- Film poster
- Directed by: Princeton Holt
- Written by: Brian Ackley
- Produced by: David Vaughn; Princeton Holt; Chris Riquinha; Brian Ackley;
- Starring: Irina Abraham; Devin Fuller; David Vaughn; Dean Cain;
- Cinematography: Jared Roybal
- Edited by: Alex Bendo; Zach Lapidus;
- Music by: Konstantinos Lyrakis, with original music by Cultural Bastards, Ebenezthenatural
- Production company: Butterfly Chasers LLC
- Distributed by: Uncork'd Entertainment; ANERKE; Hewes Pictures;
- Release date: November 16, 2018 (Williamsburg Independent Film Festival);
- Running time: 104 minutes
- Country: United States
- Language: English

= 2050 (film) =

2018 American science fiction drama film

2050 is a 2018 American independent science fiction drama film directed by Princeton Holt and starring Dean Cain, Stormi Maya, and Stefanie Bloom. It premiered on November 16, 2018, at the Williamsburg Independent Film Festival and was released theatrically on March 1, 2019. It was distributed by ANERKE.

The film received mixed reviews and won 16 awards, including those for cinematography, writing, and VFX. It was also an official selection at the Berlin Sci-Fi Film Festival, Other World's Austin Film Festival, and Boston Sci-Fi Film Festival.

== Plot ==
Michael Green (David Vaughn), married, a video game designer and father of two, is struggling to find intimacy with his wife Brooke. Upon discovering his brother-in-law Drew (Devin Fuller) has purchased a customizable sex robot, he turns to the warehouse run by Maxwell (Dean Cain) to create his own perfect mate. In the end, Drew is unable to find fulfillment with his sex robot, and eventually hands it off to a friend. Michael falls in love with his sex robot. When Brooke discovers his affair with a sex robot, they argue. Eventually Michael convinces his wife to create one for herself.

== Cast ==
- Dean Cain as Maxwell
- Stormi Maya as Quin
- Stefanie Bloom as Sophia
- Devin Fuller as Drew
- David Vaughn as Michael Greene
- Irina Abraham as Brooke Greene
- Hope Blackstock as Alli
- Jonathan Ercolino as Cameron
- Jace Nicole as Diana
- Shannone Holt as Reign Regan
- Chris Riquinha as David

== Production and release ==
Filming wrapped in January 2018 and was director Princeton Holt's third film. Frequent collaborators, many of the producers also performed additional roles: Holt directed, Ackley wrote, and Vaughn and Riquinha acted. The team expressed feeling surrounded by an "unusually supportive group of investors" while working on this project. Post production was slated to wrap in March 2018.

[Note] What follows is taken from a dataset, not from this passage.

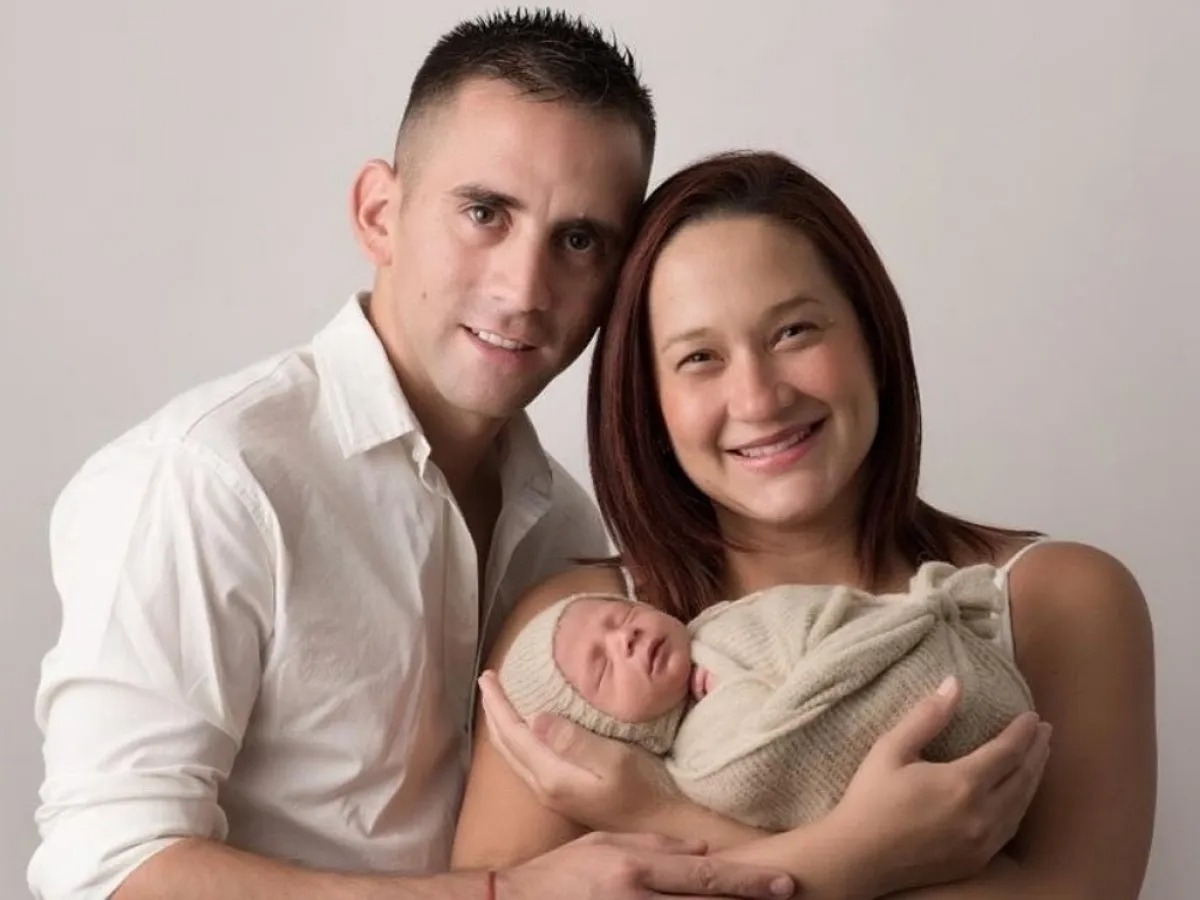La esposa y el hijo de Nahuel Gallo llegaron a la Argentina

First premiering at the Williamsburg Independent Film Festival on November 17, 2018, 2050 opened theatrically on March 1, 2019, in Los Angeles and performed well, keeping pace with blockbuster hits such as How to Train Your Dragon during its first weekend, and was subsequently held over an additional week before making its way to other select cities.

== Reception ==
Kyle Jonathan of The Movie Sleuth describes 2050 as being "one of the first beautiful disasters of the year," applauding the camerawork, premise, and acting. In an article for the LA Times, Noel Murray commented, "To their credit, Holt and his co-writer Brian Ackley have created a realistic near-future world on a budget."

The film won the award for Most Provocative Film at the 2019 Boston Science Fiction Film Festival.